With the United State's overall population trending upwards, big cities are getting bigger, and quiet communities are getting put on the map.
Those increases in activity have brought about increased pressure on courts to put in place the workers necessary to accommodate their communities.
All of that has led to an explosion in demand for court clerks.
While a lot of people are familiar with legal professions like judges, lawyers, and paralegals, many have never heard of court clerks and aren't aware of the value they bring to the judicial system.
Below, our team offers a comprehensiveness guide covering everything from what court clerks do to how to become one in hopes of turning you onto what could be a lucrative and fulfilling career!
What Is a Court Clerk?
A court clerk is an instrumental position within the court system whose job is centered on performing administrative duties that assist officers, lawyers, judges and more.
Duties that one can expect to handle as a court clerk are as follows:
- Receiving and documenting legal papers submitted to the court
- Preparing meetings and crafting agendas
- Light bookkeeping and accounting
- Correspondeing with external and internal entities
- Managing the collection of court fees
- Documenting information for judges
- Completing general office work as is required
Bottom line, as a court clerk, you're an arbiter of information and organization. If someone comes to you requesting information on these tips they got when served court papers, you'll likely be the one to answer. If a judge requests information regarding a case they'll be presiding over later in the day, you'll be in charge of supplying that information.
How to Become a Court Clerk
Becoming a court clerk does not require a specific educational background since the position mostly revolves around superb organizational and communication skills. Still, while not required, there are some educational goals worth pursuing to increase your chances of standing out among candidates.

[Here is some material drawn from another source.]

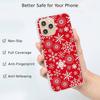 Red Christmas Snowflakes Phone Case Compatible with iPhone 14 Pro Max, Aesthetics Christmas Snowflakes Silicone Shockproof TPU Bumper Protective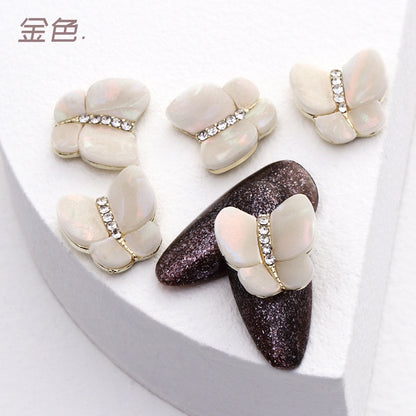 3PCS Alloy Nail Butterfly Japanese Cat's Eye Stone Multi-color 3D Nail Metal Nail Stickers Decoration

As far as school goes, consider getting an associate's degree in criminal justice and/or getting certificated in administrative assisting. These degrees/accreditations will help you look good on paper and will also prepare you to be successful as soon as you start working.
In regard to specific hard and soft qualities, most courts will be looking for in candidates, you'll want to consider being prepared to exhibit the following skills:
- Time Management
- Social Perceptiveness
- Service Orientedness
- Technological Proficiency
- Knowledge of Legal Procedure
The list above is by no means comprehensive but is a good jumping off point when it comes to the big-ticket items you'll want to showcase to prospective employers.
What Does the Court Clerk Hiring Process Look Like?
The hiring process when it comes to court clerks is similar to the process incurred when getting hired for any public-sector position.
You'll start by applying for open jobs which can typically be found on your county's website. After applying, you'll be subjected to both a background check and a drug test.
If the outcome of those is favorable, you'll get scheduled for an interview.
Interviews for court clerks are typically 2 rounds long, and they're 3 if you phone screening interviews. It's important to note that some court clerks of specific titles in certain districts get elected rather than appointed.
Is There on the Job Training?
Typically, court clerks will get trained when they start their job. While there may be some expectation as far as base knowledge goes when it comes to legal proceedings and administrative tasks, it's well known that different courts have different ways of going about tasks.
That understanding means that the person in charge of overseeing your work should be open to bringing you up to speed on what's expected.
Outlook and Salary
As we mentioned in this article's intro, the outlook for the position of "court clerk" is positive.
The demand for court clerks is expected to rise by as much as 4.5% through the year 2024 which outpaces the growth of many other administrative-based positions. Furthermore, when you consider the median salary of court clerks ($37,000 per year) and weigh that against only needing a high school diploma to apply, the pay to education ratio is pretty good.
If the low pay for court clerks is still a sticking point for you, consider applying for positions in bigger cities. While the workload may be more strenuous in bigger markets, the pay you will receive will compensate for the additional pressure.
Being a court clerk is an excellent entry-level position in the legal field. Many court clerks go on to obtain advanced degrees and become chief court clerks. Some even go on to become lawyers or judges.
If you're interested in the legal field and are looking for a way to gain broad exposure to all of its inner-workings, you'd be hard pressed to find a better way to achieve that end than by becoming a court clerk.
Wrapping up Your Guide to a Career as a Court Clerk
Becoming a court clerk is a great way to obtain a job in a growing field without needing to pursue an advanced degree. If you have a mind for organization and love the idea of getting your feet wet in law, start filling out court clerk applications today!